In the current case the respondent’s defence in the lower court denied particulars of negligence that were pleaded in the plaint. It was therefore incumbent upon the appellant to establish such nexus. Justice J. V. Juma in the case of Susan Mumbi Waititu v Kefala Greedhin NRB HCC 3321 of 1993 stated that:-
“The question of the court presuming adverse evidence does not arise in civil cases. The position in civil cases is that he who alleges has to prove. It’s for the plaintiff to prove her case on the balance of probability and the fact that the defendant doesn’t adduce any evidence is immaterial”.
From the foregoing, I find that the learned trial magistrate’s finding that the plaintiff’s claim had been proved for the reason that the defendant did not call any witness was based on a misapprehension of the facts.
On quantum, the appellant’s counsel submitted that the court ought to have assessed the reasonable amount of quantum that would fairly compensate the appellant. I do agree with the appellant’s submission to the extent that a trial court and this court are not courts of last resort. They must assess damages even where the party claiming is unsuccessful in a claim for general damages.
In LEI MASAKU V KALPAMA BUILDERS LTD CIVIL APPEAL NO. 40 OF 2007[2014] EKLRMabeya J. held that:
There is the issue of failure to assess damages. It has been held time and again by the Court of Appeal that the court of first instance must assess damages even if it finds that liability has not been established. To have casually dismissed the suit and fail to address that issue of damages in this case is a serious indictment on the part of the trial court. Both the trial court and this court must assess damages as they are not courts of last resort. Their decisions are appealable and the Appellate Court needs to know the view taken by the court of first instance on the issue of quantum. To the extent that the trial court failed to assess damages, its judgment was a serious flaw and cannot stand. It therefore behoves this court to assess quantum.
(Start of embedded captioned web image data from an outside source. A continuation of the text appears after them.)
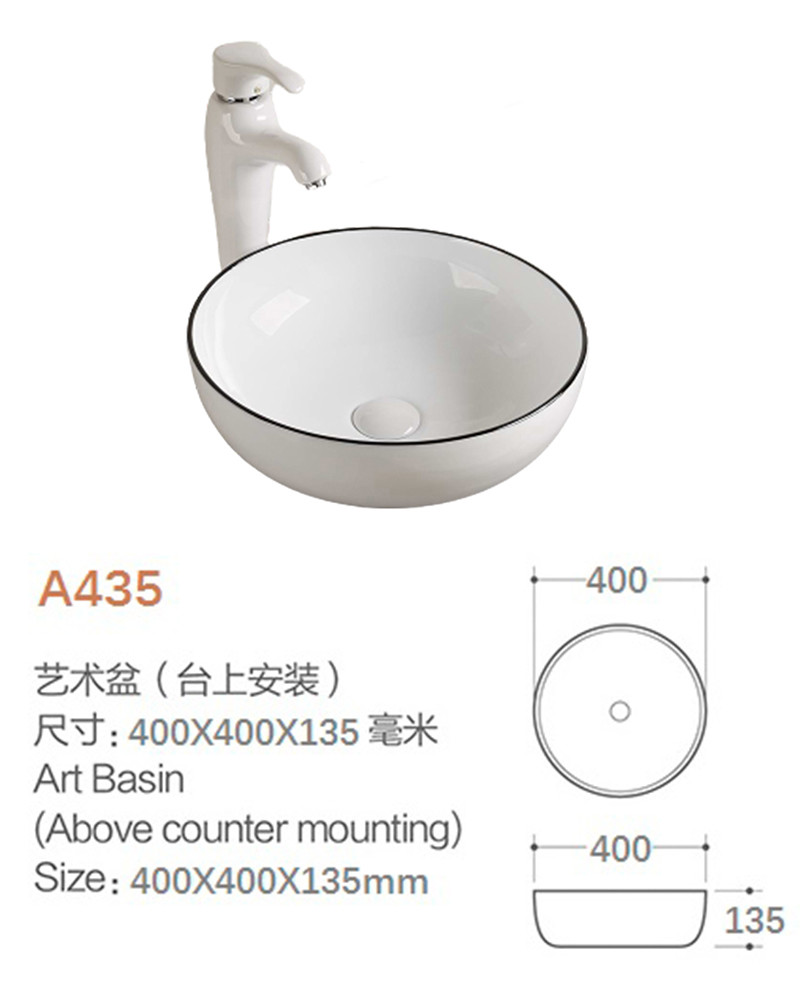 Sanitary Ware Counter Top Bathroom Sink Vessel White Round Wash Basin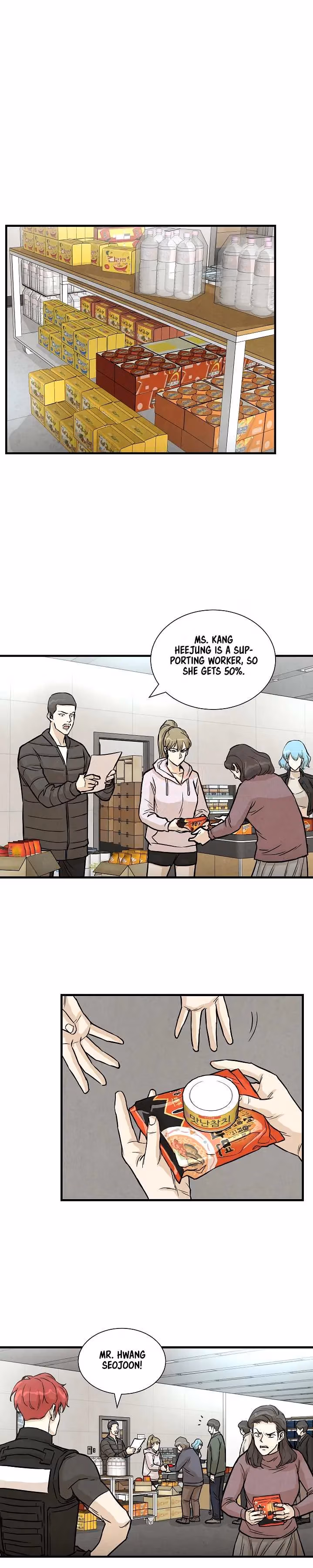 Read Return Survival chapter 12 image 6 on Lezhin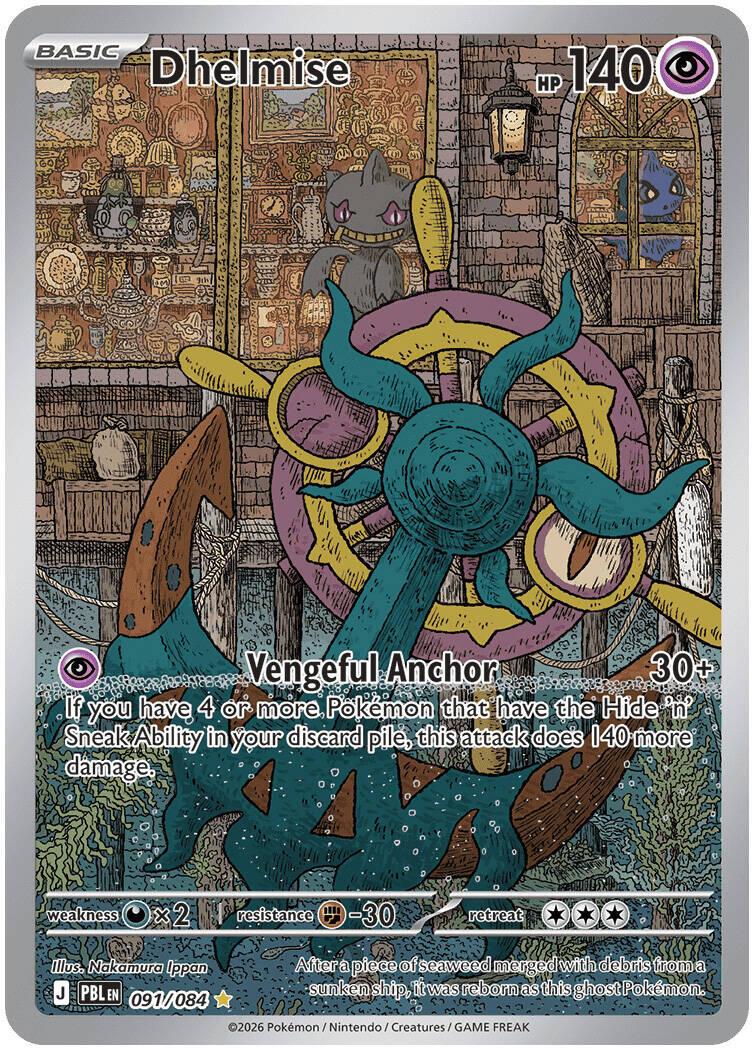 Dhelmise - 091/084 - Special Illustration Rare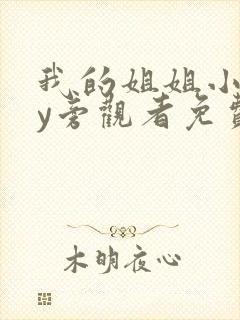 我的姐姐小说by旁观者免费阅读全文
Appellant pleaded that he was injured on right eye, chest and had cut on the right hand. In his testimony before the trial court, plaintiff stated that he was injured on left hand and right eye. The initial treatment notes produced by PW3 show that appellant was treated for a cut wound injury to the left forearm only while Dr. Okombo’s report PEXH. 5 (a) shows that plaintiff had tenderness on chest, right elbow, right eye and 1cm scar on right elbow joint.
From the evidence on record;the only injury that was pleaded and supported by evidence is injury to the right eye. According to the appellant, soil got into his right eye. Dr. Okombo’s report PEXH. 5 (a) shows that appellant had tenderness in the right eye. I have considered the case of Fanny Esilakov Dorothy Muchene HCCC 642 OF 1991that was cited by the appellant in which Kshs. 150,000/- was awarded for cuts over left upper arm, multiple cuts left wrist, cuts left knee, cuts right arm, sprained ankle and blunt head injury with swelling. Respondent did not make any offer nor cite any authority. The injury to appellant’s right eye was a soft tissue injury which is far much less serious than the injuries sustained in the cited case. Had appellant proved his case; an award for Kshs. 40,000/- would have sufficed.
In the end and for the reasons given on the assessment above, the appeal is dismissed in it’s entirely. The cross-appeal succeeds with costs of the appeal and the proceedings in the lower court.